Rated R. Our content rating: Violence 1; Language 5; Sex/Nudity 5
God has taken his place in the divine council;
in the midst of the gods he holds judgment:
“How long will you judge unjustly
and show partiality to the wicked?
Give justice to the weak and the orphan;
maintain the right of the lowly and the destitute.
Rescue the weak and the needy;
deliver them from the hand of the wicked.”
Julia Roberts shines in this, her best role in a long time, as an uneducated woman whose insistence on wearing inappropriate clothing causes others to underestimate the brilliant mind contained within a sexy body. Erin Brockovich is a twice-divorced mother of three when we first meet her, drifting from job to job because of her outspokenness. Her brazenness possibly costs her a favorable verdict in a lawsuit when a doctor ran a stop sign and smashed into her car, injuring her. Flat broke, she convinces her lawyer Ed Masry (Albert Finney) to hire her.

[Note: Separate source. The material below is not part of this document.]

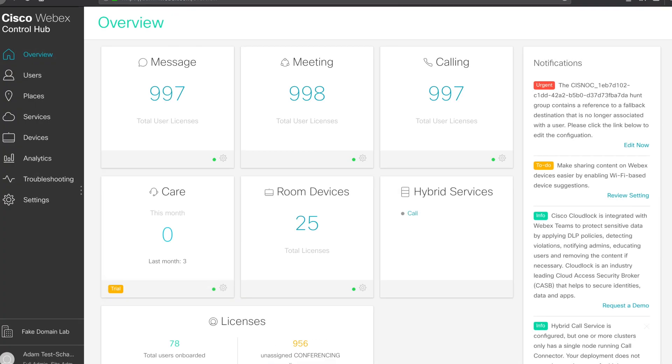Log into the control hub. You'll be greeted with the welcome screen and the overview statistics. You're going to want to navigate to devices on the left-hand side.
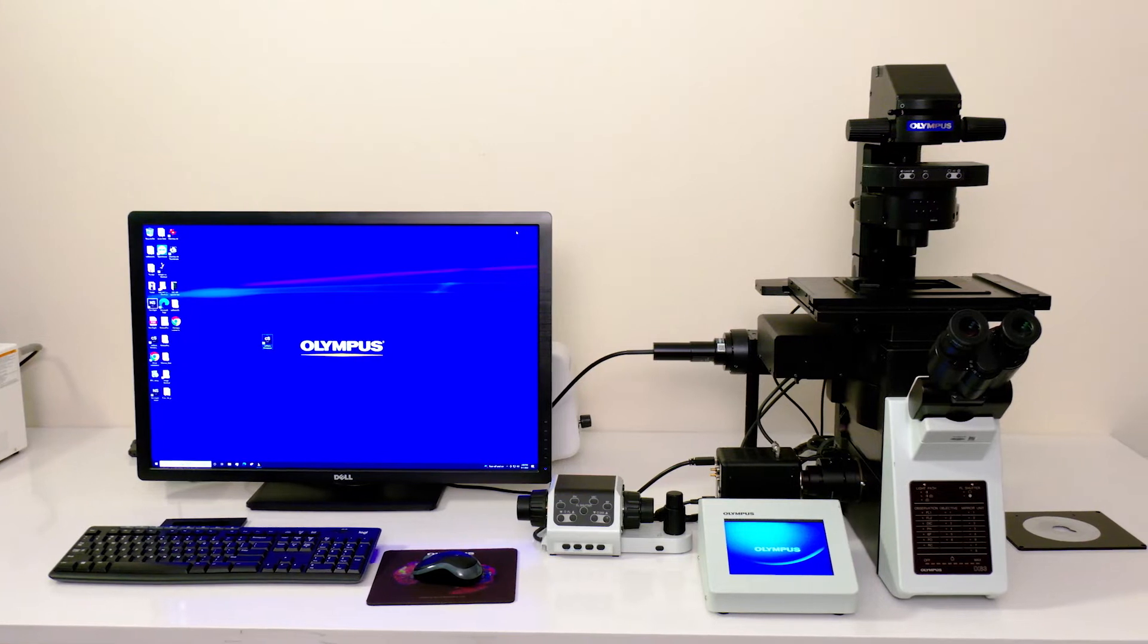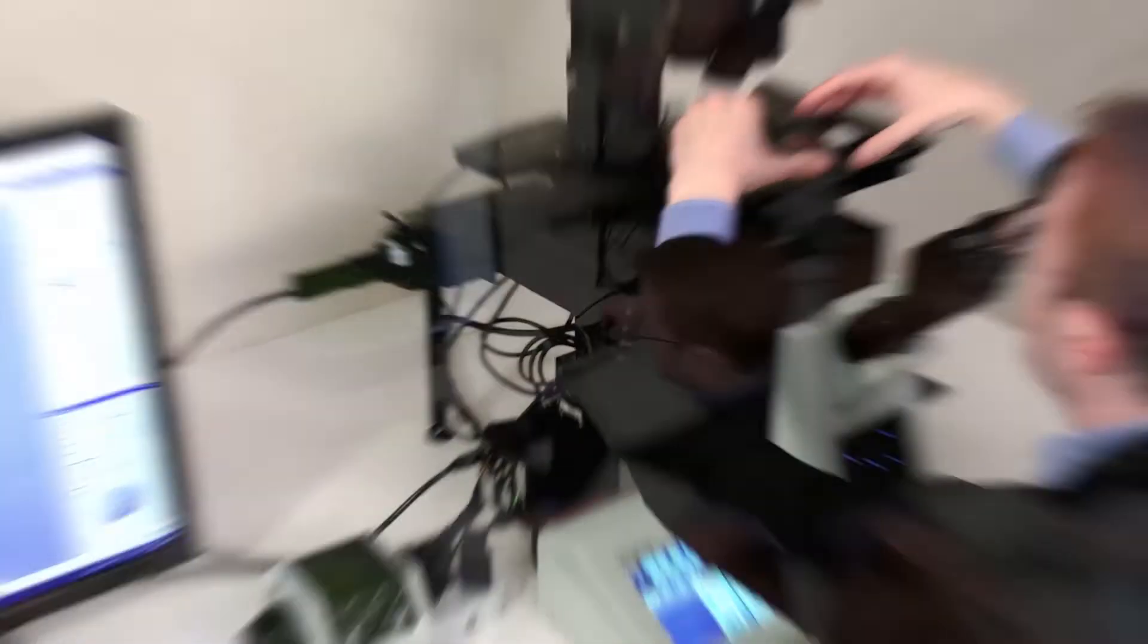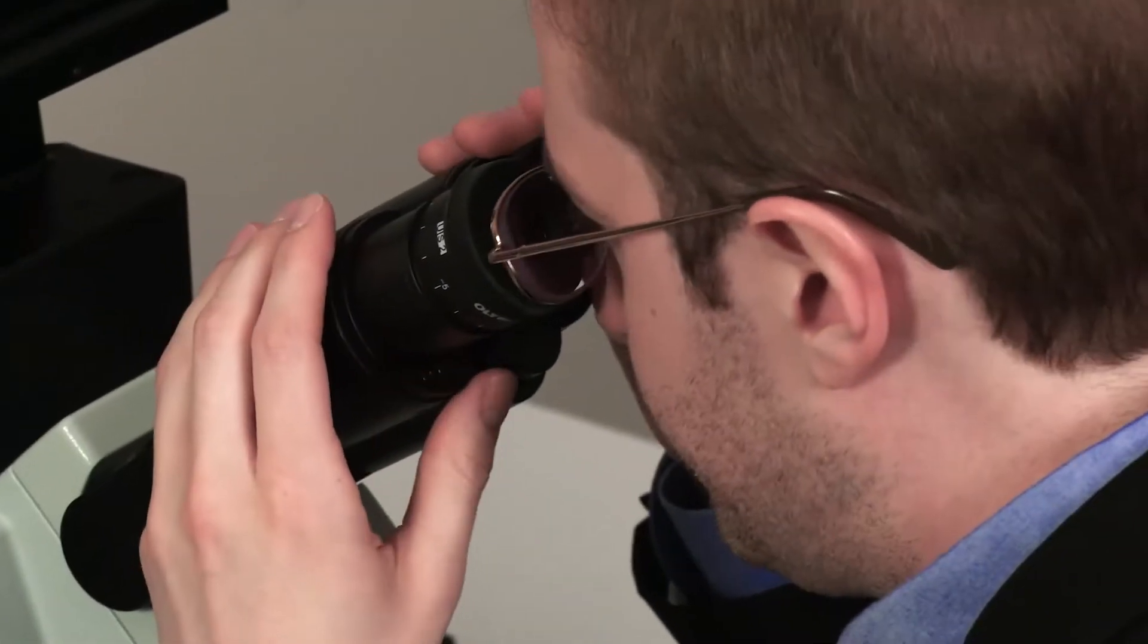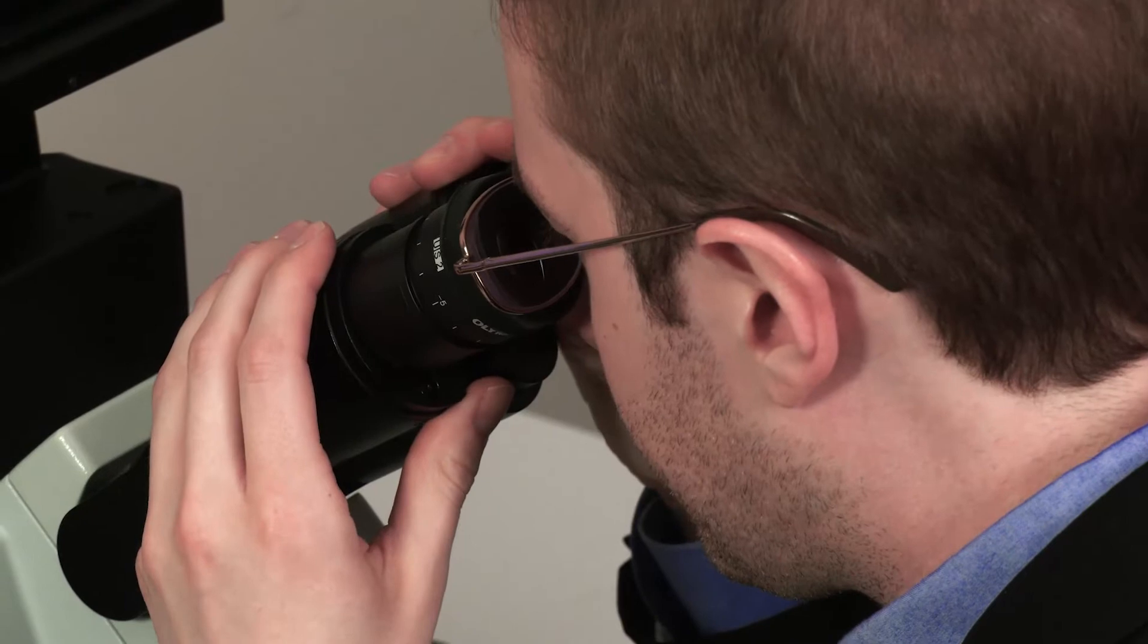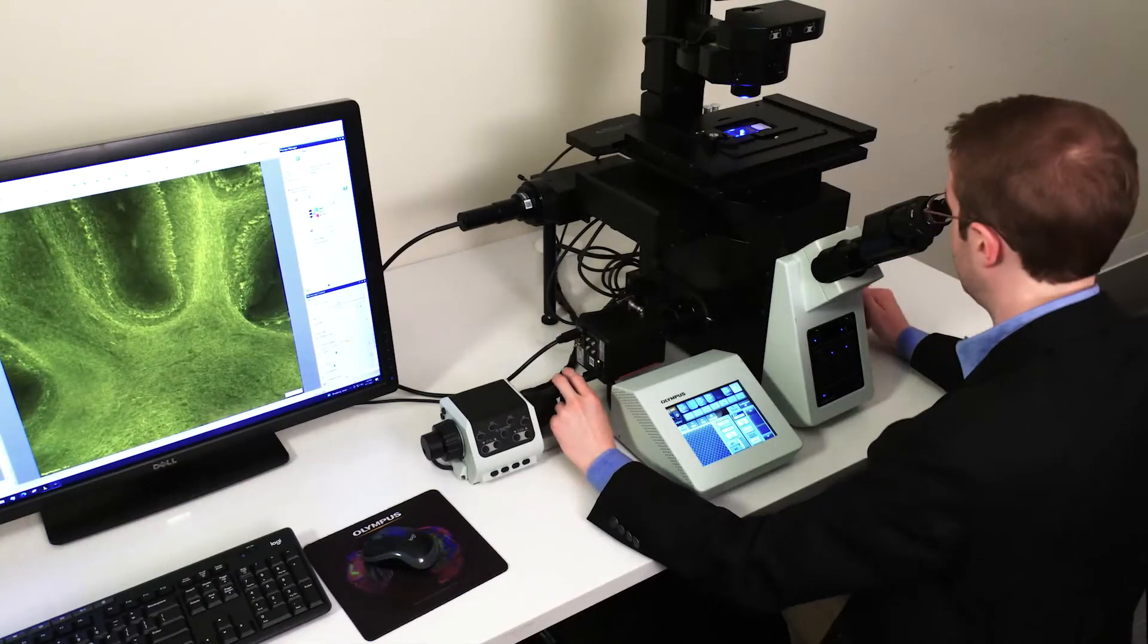Conventional inverted microscopes require multiple adjustments to set, center, illuminate, and focus on your sample before imaging can begin.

With her skirts little wider than her belt and a sharp, take-no guff attitude Erin is hardly likely to become employee of the month. Relegated to filing papers, she becomes curious about a pending land deal–why are there medical records included in real estate files? She secures permission from Masry to go and investigate, almost getting fired because she stays away so long without reporting back. But the results of her interviews with the people are compelling–a huge corporation is apparently covering up the fact that a type of chromium it has been dumping in the area for years has led to the illness and death of a great many of the people who have worked for it and lived nearby,
Ed Masry calls in a larger law firm to assist in the case, which almost leads to Erin’s undoing and the loss of the case. The posh new lawyers do not look fondly on Erin, discounting her arduous work of interviewing hundreds of victims, and even more, her ability to get them to open up and reveal intimate details of their lives. The confrontations between her and the sophisticates, especially with an uptight female lawyer, are rather broadly played, realism probably being sacrificed for drama and humor at this point. There seems to me even a touch of the old Hollywood romanticism that suffused Julia Roberts’ role in Pretty Woman, that as long as you have a heart of gold, outward behavior and appearances are not important.
This is another film in which the villain is somewhat abstract, a giant, soulless corporation whose officers are so obsessed with the bottom line that they do not care what happens to people who suffer from the pollution emanating from their operations. Erin sees their legal battle as one between “David and–what’s his name?” Only Goliath is not as visible as in the Biblical story–and yet the battle is just as real, with real consequences for hundreds of victims of corporate misdeeds Such films as A Civil Action, The Insider, and now Erin Brockovich are the more prominent of films which hold up the modern corporation as the villain to beat in the struggle of good versus evil.
In Erin’s case the cost of the struggle is great, the sacrifice of her relationship with her children and with George (Aaron Eckhart), the next-door neighbor watching her kids. George is a biker able to get work when he feels the need for money. Attracted to her, he agrees to take care of the three children while she devotes herself to researching and interviewing hundreds of people for the lawsuit. This keeps Erin away for days, and even when she returns home, it is often late at night. George finally has enough and walks out. His appearance, too, belies what is inside him: he looks like a rough and ready biker, but his gentle nature longs for a home with children and stability–things which Erin, so absorbed by her work, is not ready for, yet. Erin’s oldest son Matthew becomes so upset with his mother’s constant absence during the evening that he stops speaking to her. He only comes to accept and forgive her neglect when he reads some of the papers she has brought home and understands how victimized the people are his mother is trying to help.
Good scene between George and Erin: He asks her to quit so that she can spend more time with the children and himself. She tells him that she can’t, that now she feels a sense of respect from others. ‘All my life I’ve bent my life around what men want, and I am not going to do that…” We can understand and side with George in this exchange, and yet at the same time feel the urge to stand up and cheer for a very gutsy lady prophet, albeit a prophet in miniskirts. Hosea might accept her, but I suspect Isaiah and Jeremiah might not.